Understanding the Financial Stress Index
The Financial Stress Index is a multi-dimensional analysis tool that identifies companies potentially facing operational and financial challenges. Unlike simple price-based rankings, this comprehensive approach examines four critical dimensions of financial health that, when combined, may indicate underlying stress that deserves closer attention.
The Four Key Metrics Explained
- **Operating Margin**: This profitability metric shows how efficiently a company converts revenue into operating profit. Calculated as (Operating Income ÷ Total Revenue) × 100, a low or negative margin suggests the company may be struggling with basic profitability. For example, Axon Enterprise's -1.46% margin indicates it's spending more on operations than it's generating in revenue.
- **Debt Change Percentage**: This tracks how much a company's debt has increased or decreased compared to the previous quarter. A substantial increase (like Axon's 183.61% surge) could indicate the company is borrowing heavily to fund operations or investments, potentially increasing financial risk.

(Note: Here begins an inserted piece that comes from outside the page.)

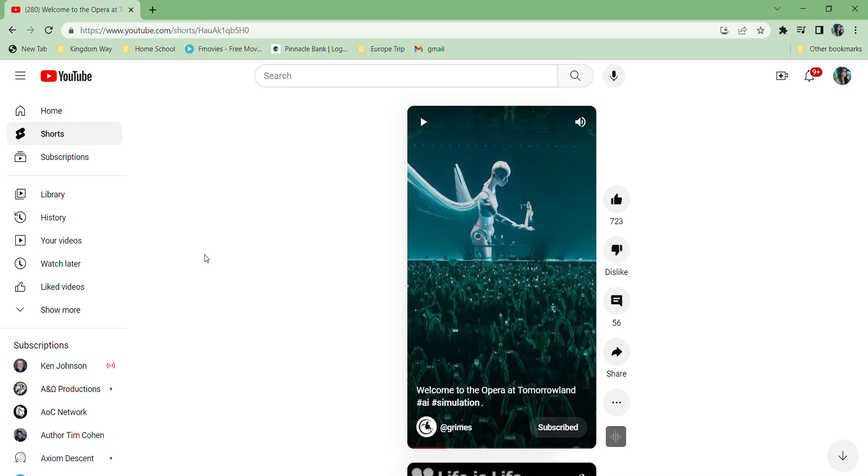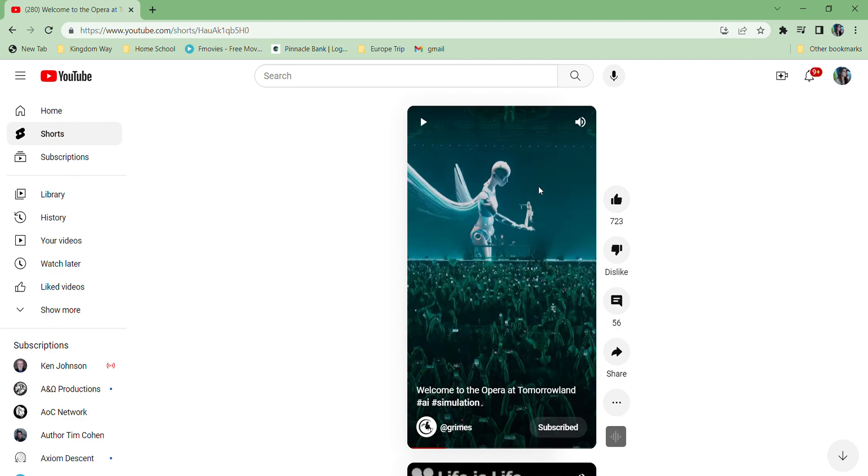This will be a really short video. This is Grimes performing at the Tomorrowland concert, I think it's in Belgium. She's definitely singing to or about her AI robot, Fallen Angel Little G God. I just wanted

- **Capital Expenditure (CapEx) Change**: This measures how much a company is investing in its future growth through equipment, facilities, and other long-term assets. A reduction might signal the company is conserving cash, possibly due to financial concerns. Several companies in our ranking, including CarMax (-7.15%) and J.B. Hunt (-9.60%), have reduced their capital investments.
- **Relative Strength Index (RSI)**: This technical indicator measures price momentum, with values under 45 considered potentially oversold. Lower RSI values may reflect negative market sentiment, as seen with CarMax (21.36) and Universal Health Services (19.34).
Each company receives a score between 0-250 on all four metrics, with the total normalized to a 1000-point scale. Higher scores indicate greater potential financial stress across multiple dimensions.
Key Insights from the Rankings

Our analysis identified Axon Enterprise (AXON) as the company with the highest stress score, a perfect 1000 out of 1000. As shown in the scatter plot above, Axon stands apart from other companies with its combination of negative operating margin (-1.46%) and extraordinary debt increase (183.61%). This suggests the company is both unprofitable at the operational level and rapidly increasing its financial leverage, a potentially concerning combination.
Major retailers feature prominently in the top stress rankings, with Bunge Global (BG), CarMax (KMX), Walmart (WMT), and Costco (COST) all scoring above 600. Retailers often operate on thin margins, but the combination with other stress factors places these companies higher on our index.
Breaking Down the Top 5 Companies' Scores

The component breakdown reveals different stress patterns among the top companies. Axon's extraordinarily high debt increase drives most of its score, while CarMax's extremely low RSI (technical oversold condition) contributes significantly to its ranking. Walmart shows more balanced stress across all four metrics, suggesting broader financial challenges rather than a single acute issue.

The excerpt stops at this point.